The Week - mayoral primary election in New York City - this and other topics are discussed

National Review, Nov 5, 2001

-- Mark Green edged out Fernando Ferrer in the New York mayoral primary-Democratic, of course-but Ferrer demanded a recount, owing to certain ballot irregularities. Okay, let's have a recount: and at the end, can Rudy Giuliani win?

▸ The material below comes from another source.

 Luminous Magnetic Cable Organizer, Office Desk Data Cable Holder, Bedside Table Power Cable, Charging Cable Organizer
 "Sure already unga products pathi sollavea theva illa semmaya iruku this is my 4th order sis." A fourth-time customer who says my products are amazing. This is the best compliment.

-- The U.S. initially hesitated to bomb the Taliban's front lines north of Kabul, because the Bush administration hadn't fully thought through its campaign before launching it. The administration hoped to loose the military unencumbered by messy political considerations. But no war can be waged without a coherent political strategy, which in this case would have required a clear idea of what might constitute a post- Taliban government. So the administration stalled in destroying the Taliban, while it tried to cobble together some political vessel that would please Pakistan and all of Afghanistan's perpetually warring ethnicities (the majority Pashtuns dominate the Taliban, the minority Uzbeks and Tajiks the Northern Alliance). But there's another, more important consideration: Every day the Taliban remains in power, America's prestige and momentum-in other words, its power-diminishes in the region. The U.S. should topple the Taliban and throw Kabul to the Northern Alliance, for simple lack of an alternative. At least then, justice would be served the Taliban, and the political pieces could be picked up later. Bombs away.

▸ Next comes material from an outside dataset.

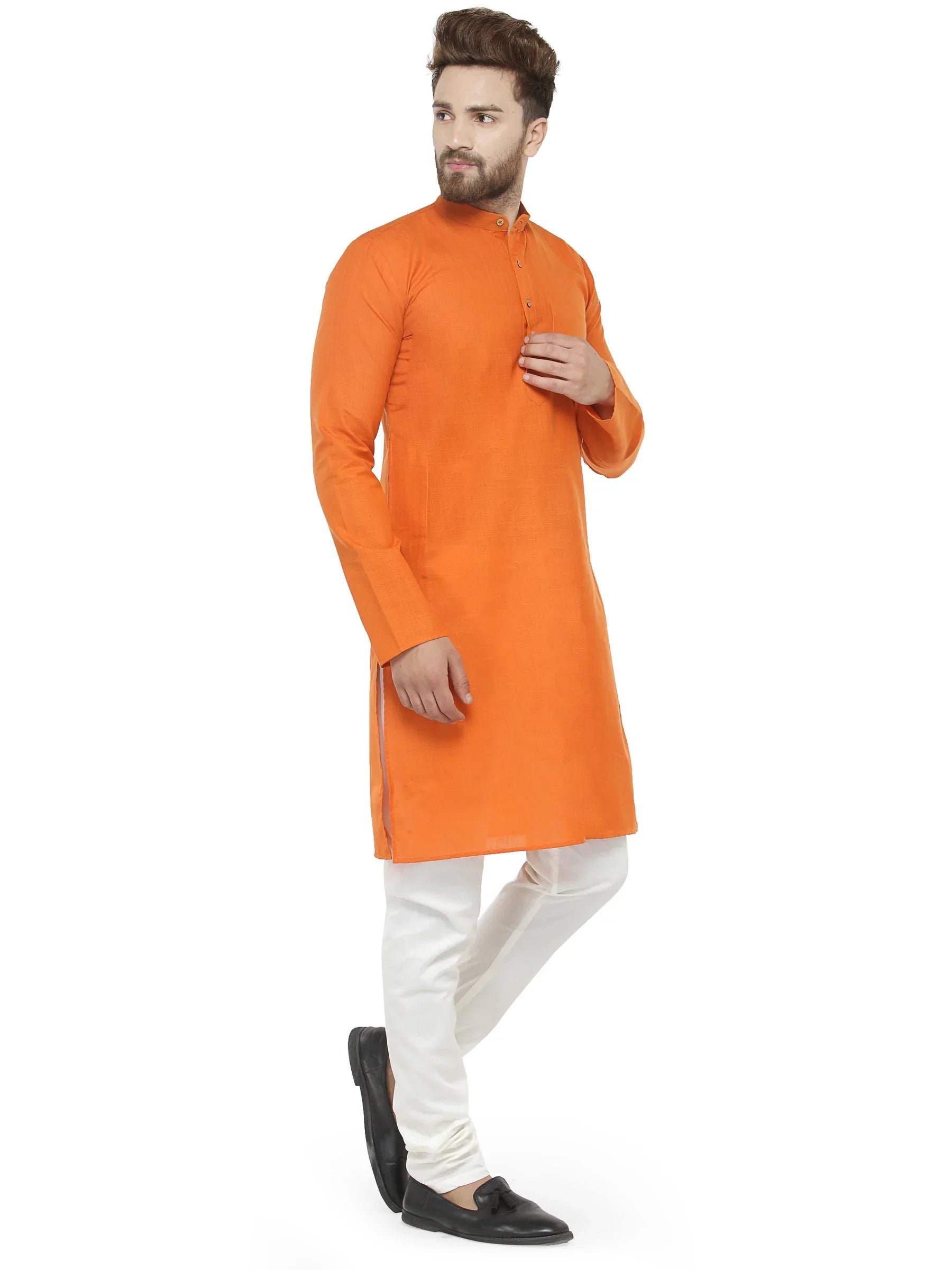 Jompers Men's Orange & White Solid Kurta with Churidar - Distacart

-- "Bipartisanship is abnormal," House minority leader Dick Gephardt said recently. So it is. In the first flush of righteous anger, Congress (with the noxious exception of Rep. Barbara Lee) showed commendable unanimity. That unanimity predictably dissipated. Almost anything can be claimed as vital to our defense. A strong military needs a strong economy: How do we stimulate ours? OPEC oil revenues enrich the bin Ladens of the world: How do we diminish our dependence? But the answers to these questions are not military per se: They vary, according to one's pre-9/11 view of the world. That means they will be the subject of political dispute. Liberal commentators have gotten off to a good start, by accusing Republicans who back tax-rate cuts or the Bush energy plan of unseemly partisanship. (Is the liberals' implicit offer that they will support this war only if conservatives surrender on the domestic front?) Politics will, and should, go on. Conservatives, like liberals, should fight for what they think is right, as both sides keep their eyes on victory in war.

-- U.S. leaders, from President Bush on down, have commendably told Americans not to take their anger out on Arabs or Muslims living in this country. (The two categories are not coterminous-most Muslims in America are black, while most Arabs are Christian.) Would it be too much to ask Muslim Arab-Americans to show a little anger in America's behalf? The trickle of anecdotal evidence, now amounting to a river, suggests that among recent immigrants particularly there is neutrality, and sometimes even sympathy for bin Laden. The abandonment of dual loyalties is part of the assimilating process that all immigrants to America go through. It also matters what the secondary loyalty is to: Middle- and upper-class WASPs felt a tug towards Britain during the two world wars; Jews feel protective of Israel, a friendly democracy. Today, the attractive foreign power is a gang of civilization-hating mass murderers. America is now asking a lot of its citizens. It is not too much to ask its immigrants to assimilate.

-- How ironic that the British prime minister who has been determined to end the century-long special relationship between his country and ours should be giving it such a glorious last hurrah. Tony Blair has dedicated himself to subsuming Britain's sovereignty and identity into a united Europe. But while so many Euros have hemmed and hawed in the present crisis, Blair forthrightly condemned the attacks as unprovoked terror, drew the link between the murderers, bin Laden, and his Taliban hosts, and sent British forces to war alongside Americans. Whatever went before, whatever else happens, we will not forget this, sir.

-- Democrats (and John McCain) want the federal government to take over airport security. But Europe, Japan, and Israel have all found it more effective to put private contractors in charge of security-not least because contractors can be fired if they screw up. In an analysis for the Reason Public Policy Institute, Robert Poole and Viggo Butler point out that what American airports lack, and other countries increasingly have, is a single owner/operator responsible for security. The federal role should be to conduct frequent security tests and to penalize the airports that flunk them. It works in Europe, and it can work here as well-unless, of course, the goal is to increase the public payroll rather than the public safety.

-- The administration appears likely to get most of the law-enforcement powers it wanted from Congress, and a few it didn't. The bill it sought-called the "Patriot Act" in the House, and the "U.S.A. Act" in the Senate-was supposed to aid the fight against terrorism. Some of its provisions would have this hoped-for effect. The House bill, for example, allows the government to exclude members of a terrorist organization from the country (reversing a law Ted Kennedy wrote to help members of the IRA). But many other provisions, especially in the Senate bill, are mischievous. Proposed money-laundering rules would penalize countries whose only fault is to have financial-privacy laws and low taxes. Regulations on Internet gambling, meanwhile, have nothing to do with fighting terrorism. Before the bill is rushed through Congress, these provisions should be taken out. They can be reconsidered at leisure.